The microfence he is talking about in this video. BTW he has a crap camera, and isn't the best video voice guy out there, but he very well knows his stuff.






The actual micro jig he uses is sold by Rich at Microfence. Who is a very nice, and extremely well paid genius who makes and creates jigs, and fixtures to primarily guide your mini router to accuracy most only dream of. If you saw this "jig" at a WWing show, I about guarantee it was Rich, as he does the circuit. I guarantee if you were really wowed by it he is a great wower.

(818) 683-0330
Micro Fence, Phone
Every time I have called it was him who called back, or answered.

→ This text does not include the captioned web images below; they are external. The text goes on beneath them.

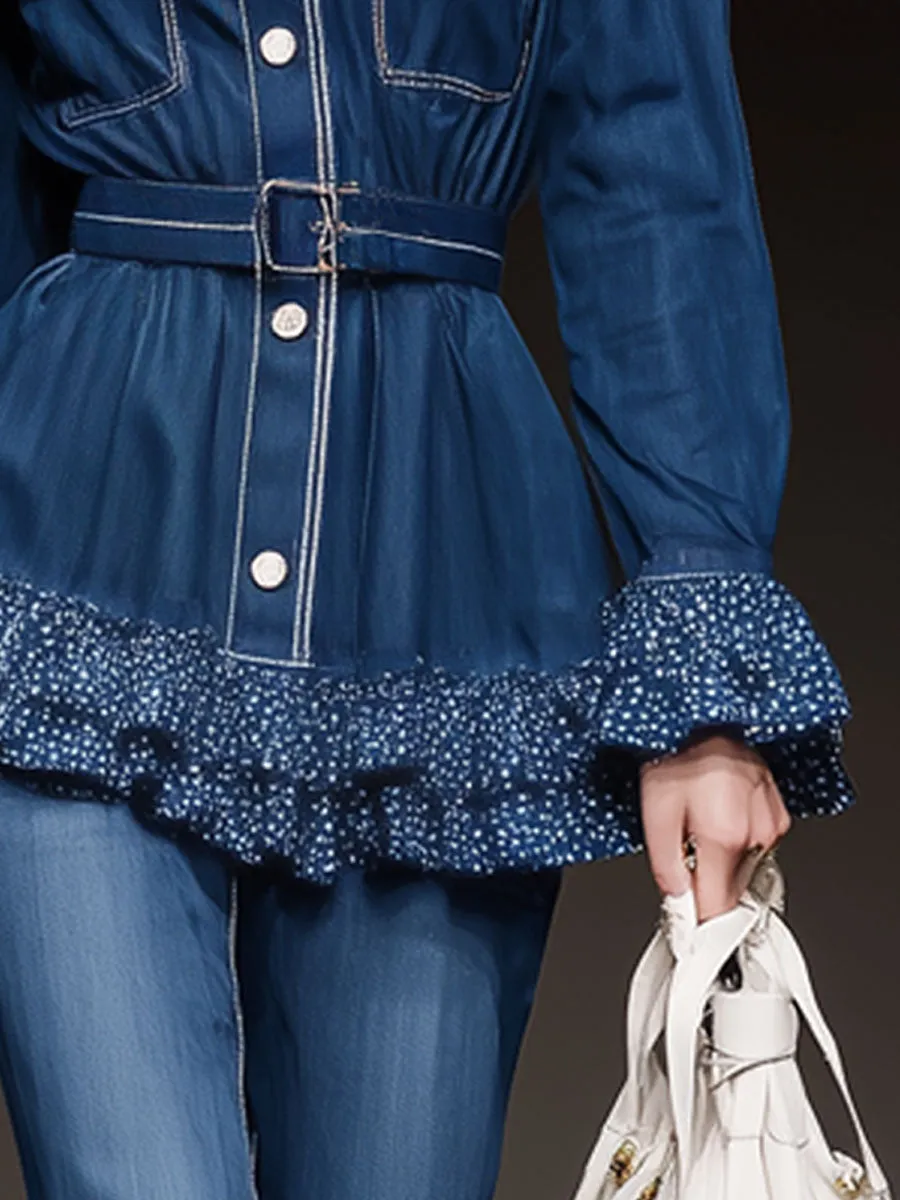 Fashionable Retro Mesh Polka Dot Ruffled Blue Denim Jacket Shirt sold by Oyrosy product image thumbnail 4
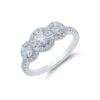 Chisholm Hunter Platinum Brilliant Cut 1.20ct Diamond Halo Three Stone Ring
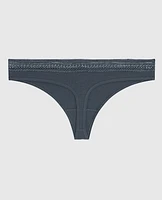 Thong Panty with Elemental Lace Stormy Weather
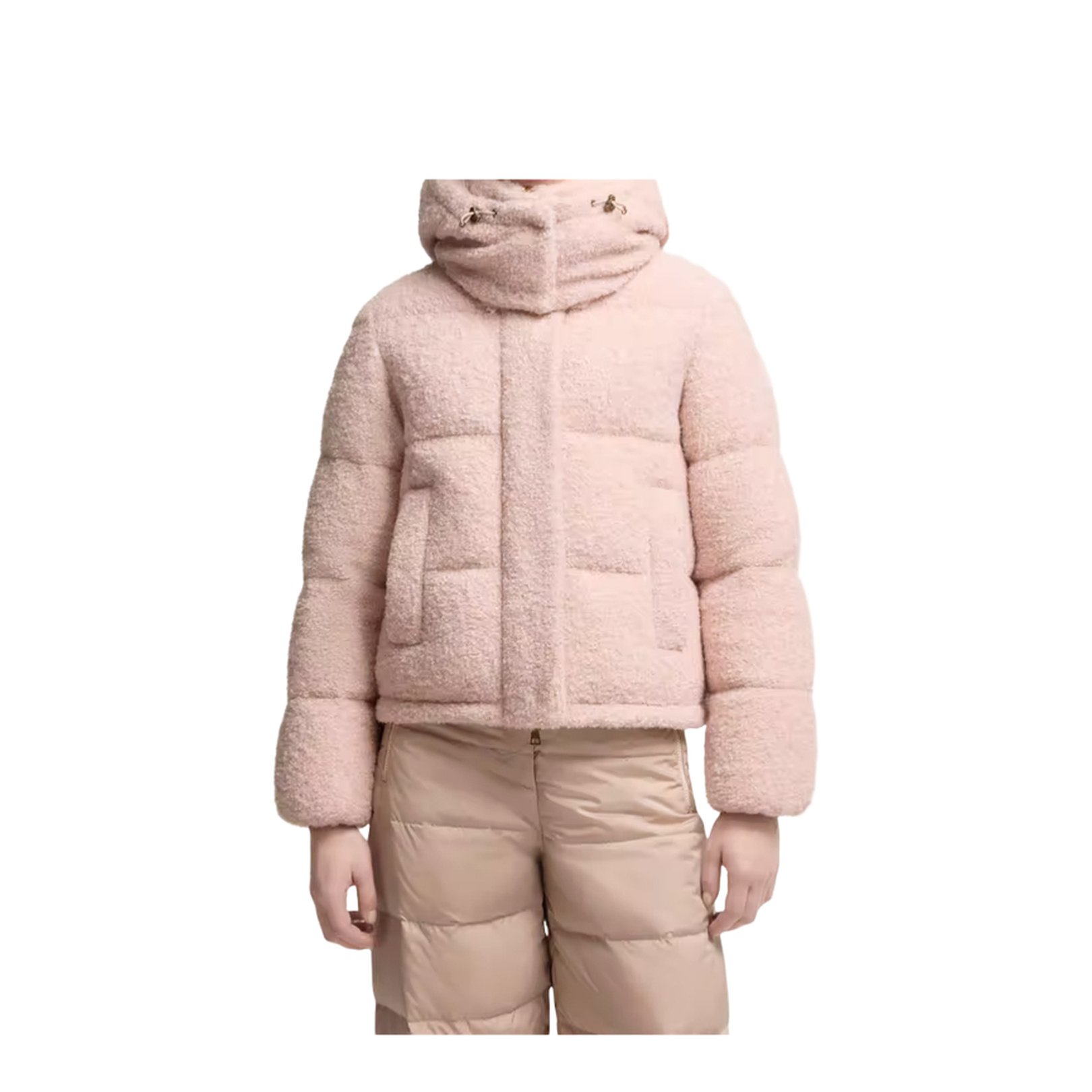 Pink Virieu Bouclé Hooded Short Down Jacket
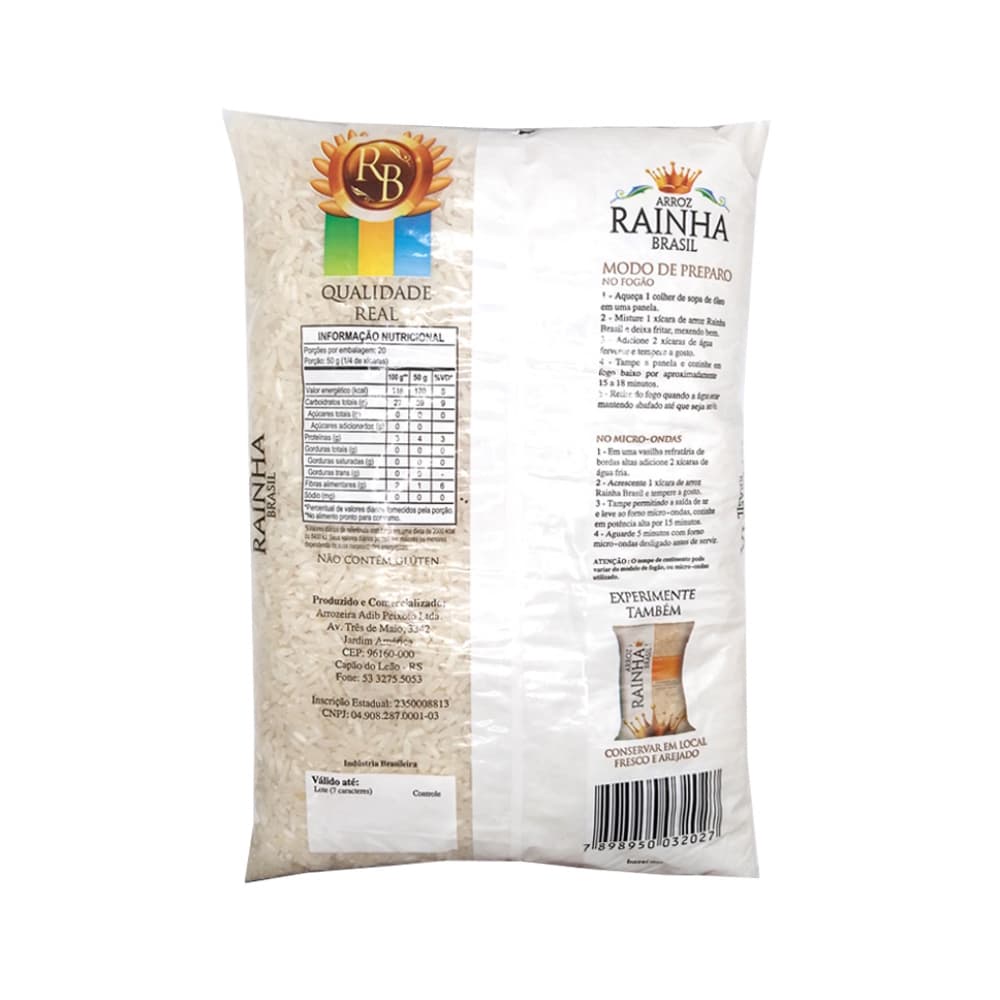 Arroz blanco tipo 1 Rainha (1 kg / 2.2 lb) - Miniatura 2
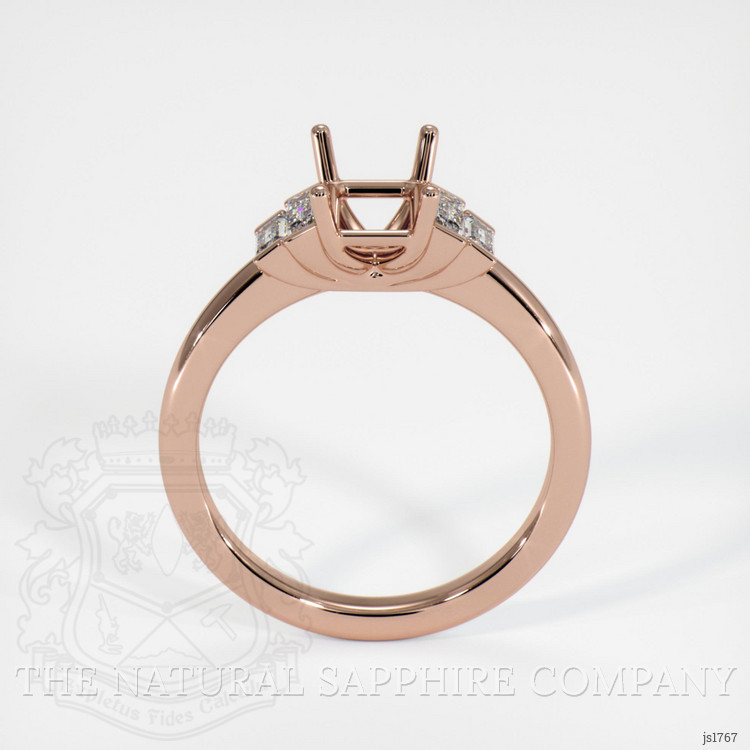 14K Rose Gold Accent Stones Ring Setting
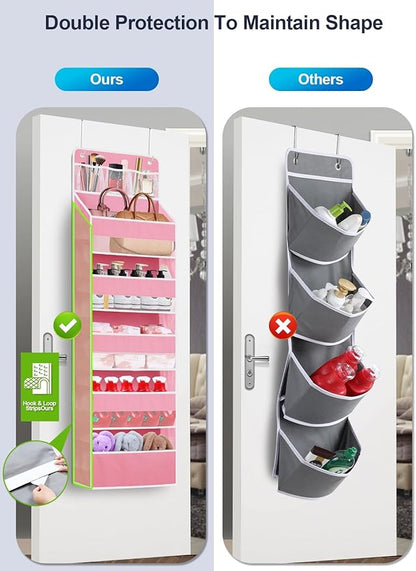 Over the Door Organizers Storage - 5 Shelf Hanging Storage shelves Door Organizer with Pockets, Anti Tilt 44 lb Load Behind D
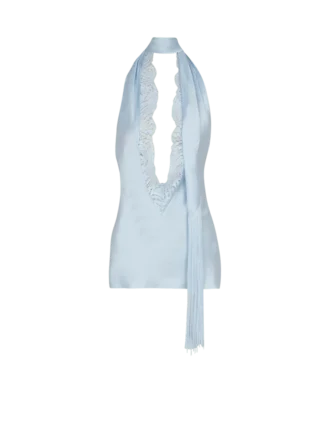 Backless fringed satin top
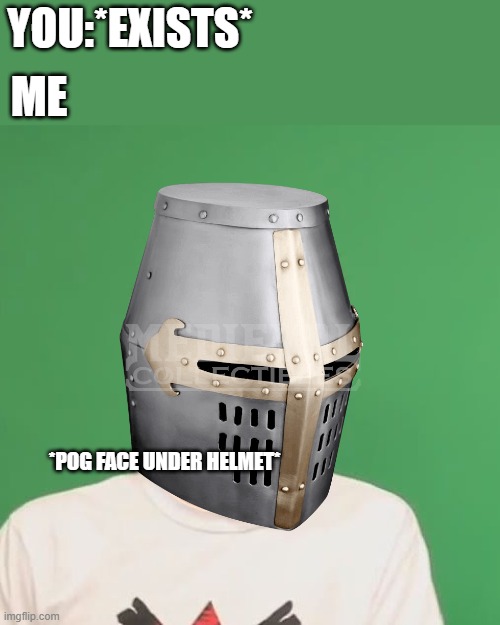 OMGGGGGGGGGGGGGGG IT U | YOU:*EXISTS*; ME; *POG FACE UNDER HELMET* | image tagged in pogchamp,crusader | made w/ Imgflip meme maker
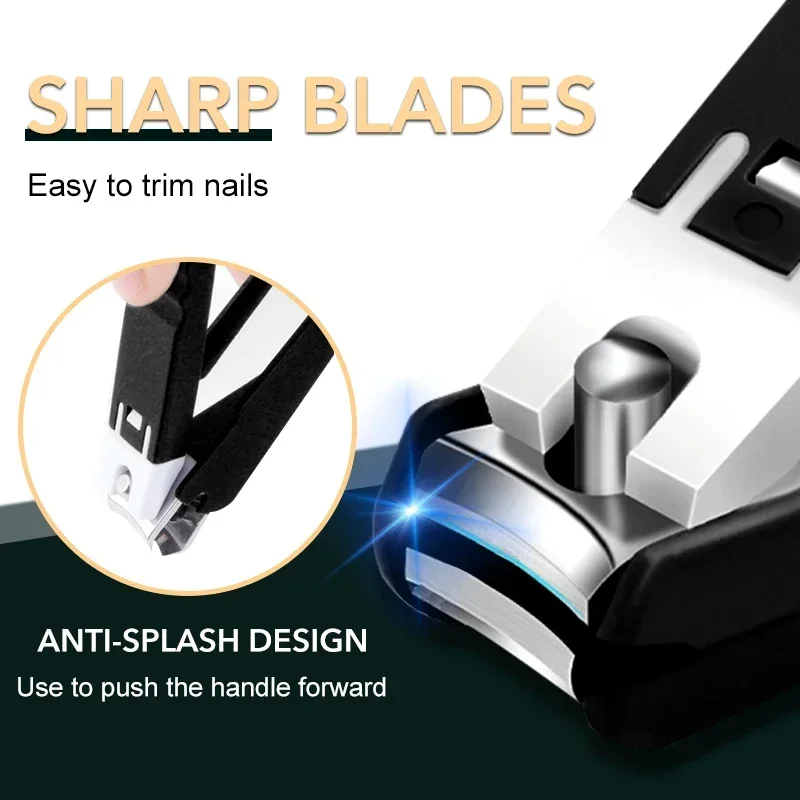 Stainless Steel Nail Clippers Magnifying Glass Toenail Fingernail Trimmer Elderly Children Nail Cutter 1Pc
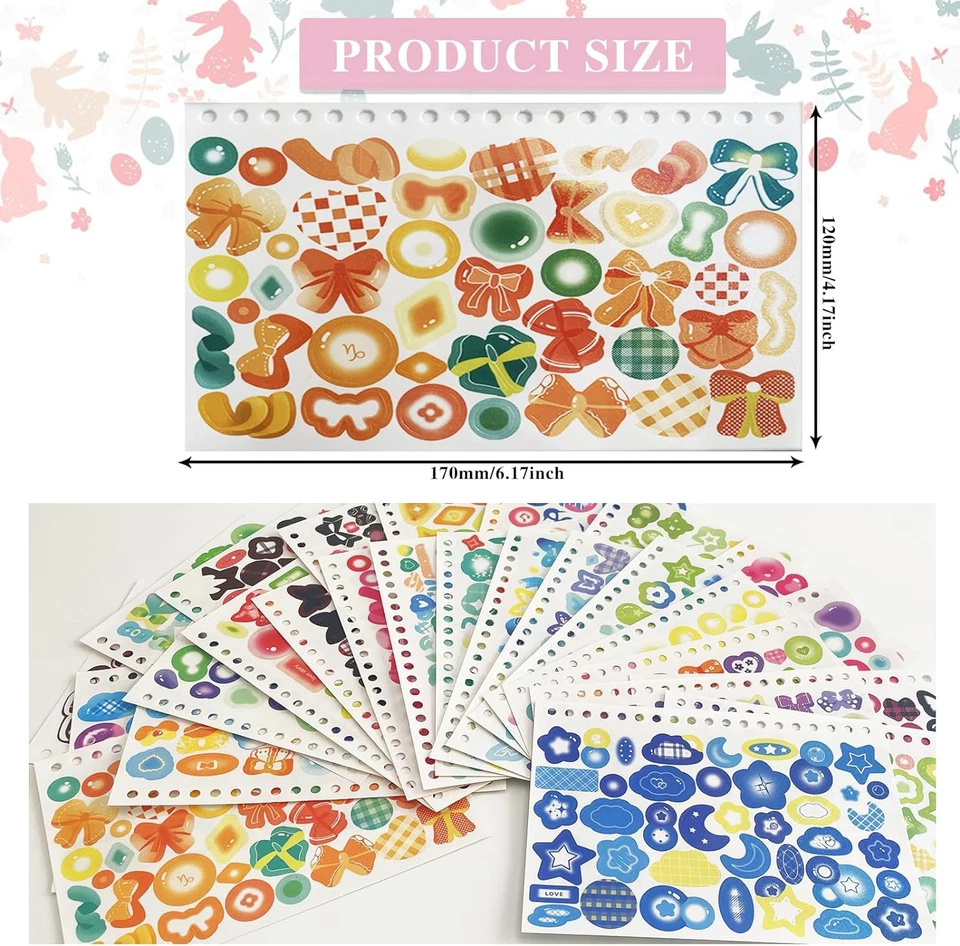 Libro de pegatinas para tarjetas fotográficas Kpop 2500 piezas - brillo, mariposa, corazón, cintas decoración S Foto 2 de 4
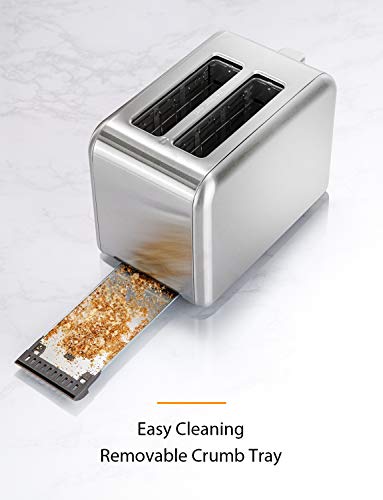 Toaster 2 Slice, Willsence Stainless Steel Bagel Toaster with Extra Wide Slots, LCD Display with 9 Bread Shade Settings and 6 Pre-set Programs (Defrost/Reheat/Cancel/Timer), Removable Crumb Tray, 900W - Thumbnail 7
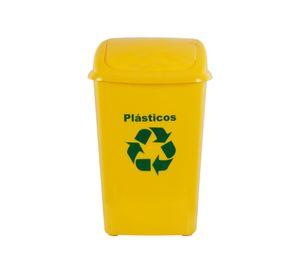 Basurero 30 litros reciclaje plástico amarillo Innovaplast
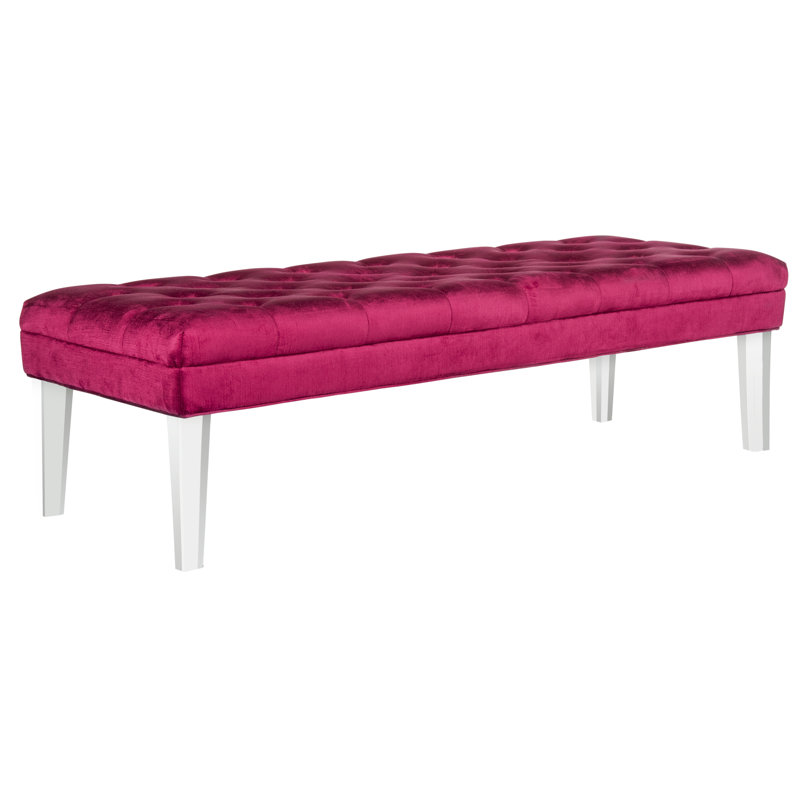 Cotton Blend Upholstered Bench, Red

For making all manner of inlay materials I cheat, and look for the name of what they call it. So I start at Goofle images, and see the pic I want. I'll hunt down the page for it off the pic, and find the name. I'm running about 100% with the name I'll find a YouTube, where somebody is making that trim. Often it's Matt.

Lotta fun to do, and looks really rewarding to see. A few musts I have come to believe

Note in their vids, both Matt, and Glen talked about a sander, not a planer to flatten, and bring to size, Sanders smooth, and caress these tiny wood bands of few fibers. Planers grab a board and chew it up, thin bands don't stand a chance, even if you use a carrier board.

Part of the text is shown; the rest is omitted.